▶ [STORED DATA]
"""

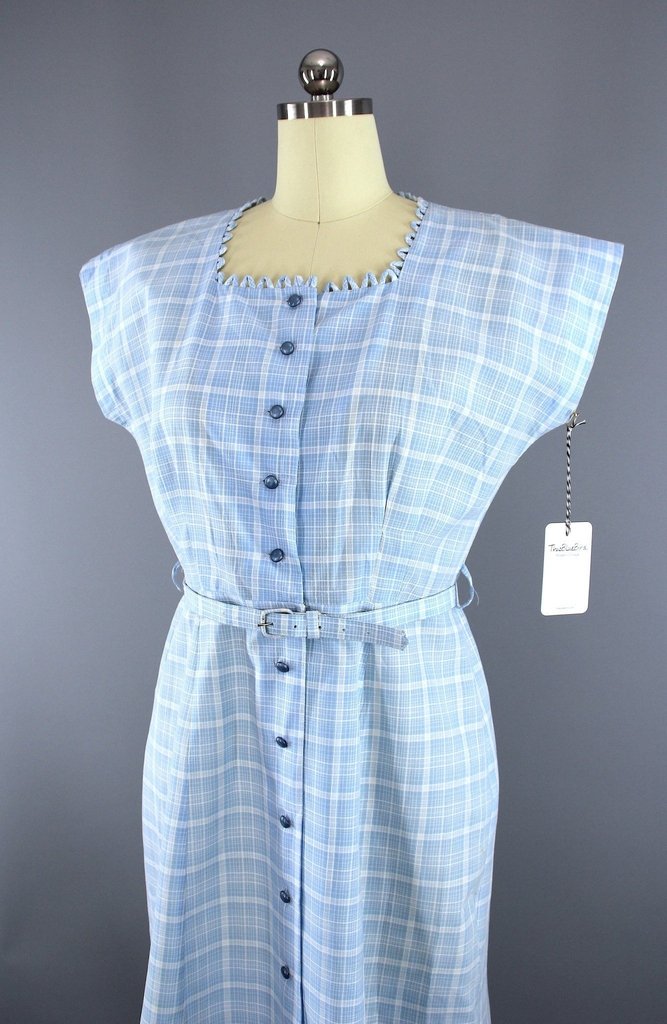 Vintage 1950s Smart Setter Day Dress / Sky Blue Plaid Checkered Cotton - ThisBlueBird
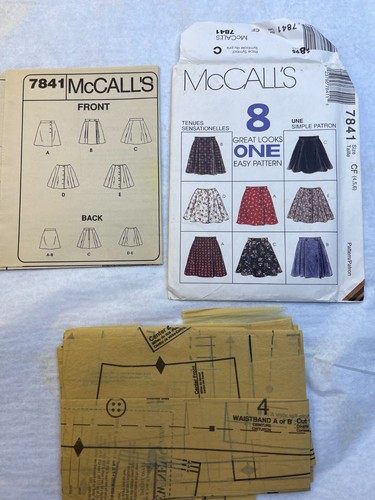 McCall's 7841 Skirts 8 Great Looks One Easy Pattern FF/UC 1995 Size CF 4,5,6 - Picture 2 of 3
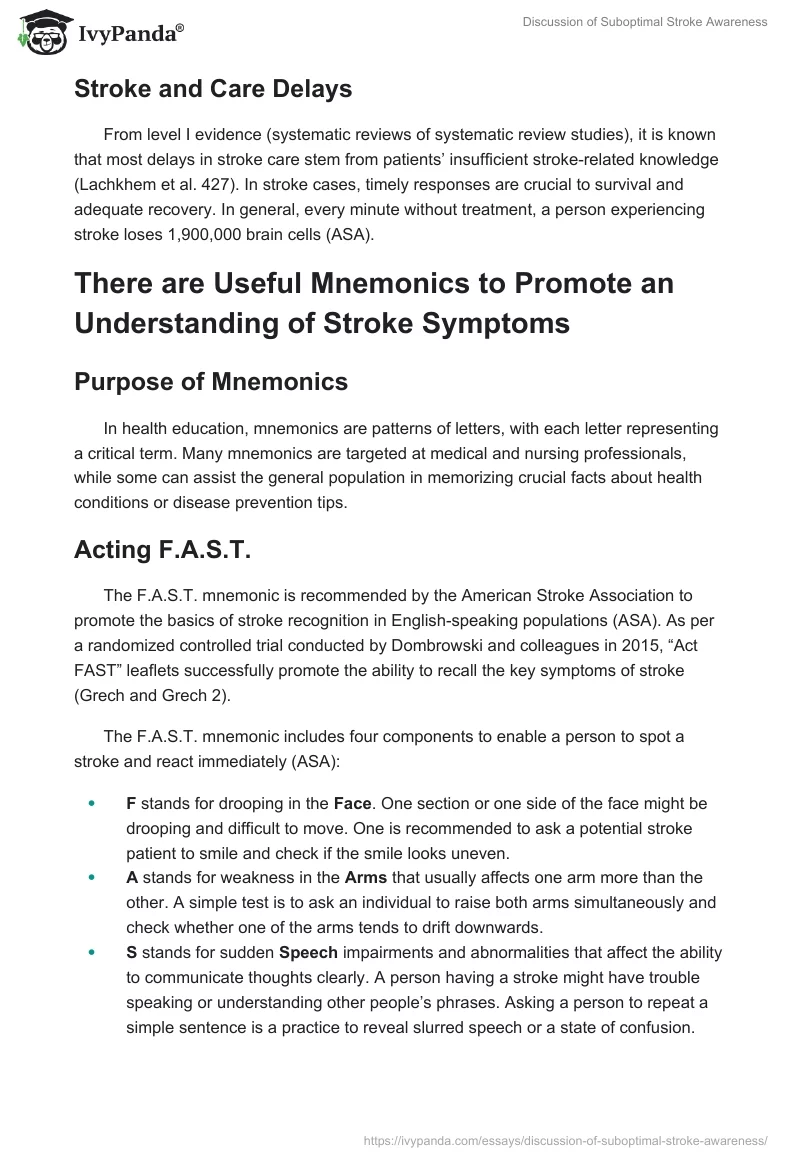 Discussion of Suboptimal Stroke Awareness. Page 2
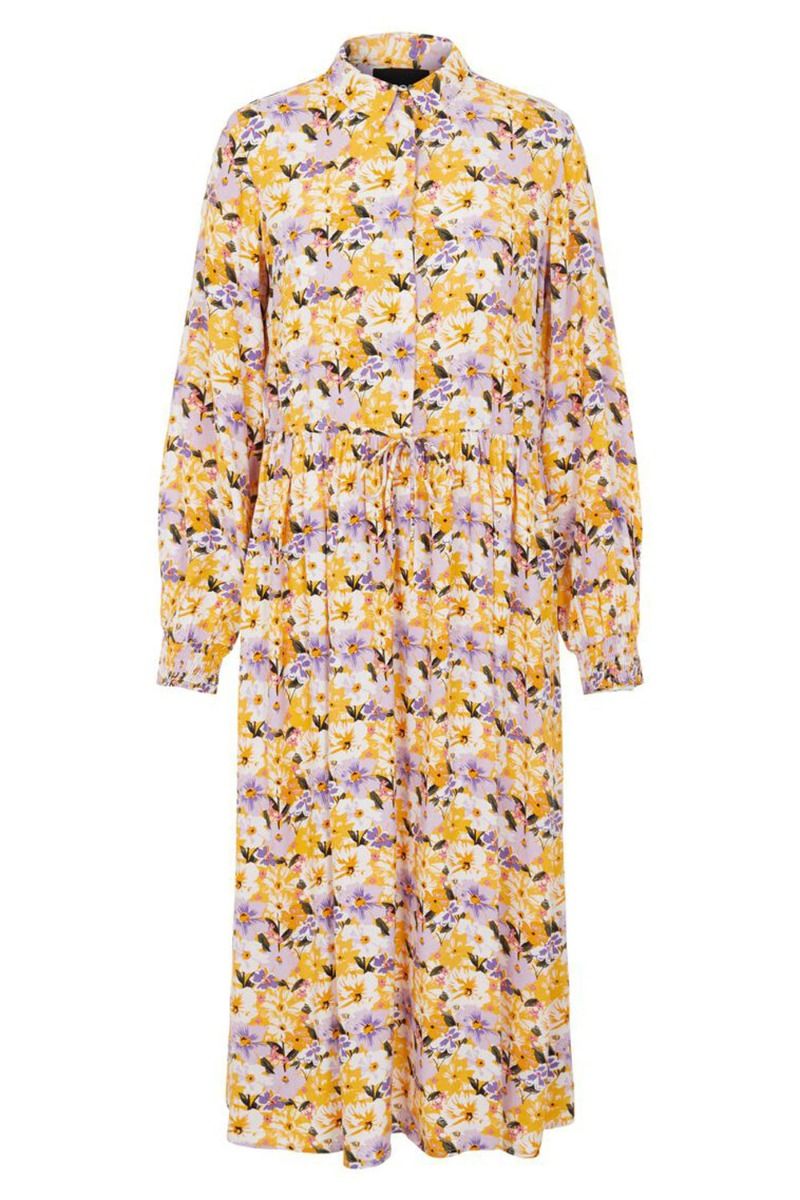 Pieces - Kjole - PC Dansi LS Midi Dress - Banana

"""

▶ [ASSIGNMENT] With the pictures excluded, the line containing "McCall's 7841 Skirts" and every line after it through the end of the data above are to be transcribed exactly, and nothing more.

▶ [RESULT FOR THIS TASK]
 McCall's 7841 Skirts 8 Great Looks One Easy Pattern FF/UC 1995 Size CF 4,5,6 - Picture 2 of 3
 Discussion of Suboptimal Stroke Awareness. Page 2
 Pieces - Kjole - PC Dansi LS Midi Dress - Banana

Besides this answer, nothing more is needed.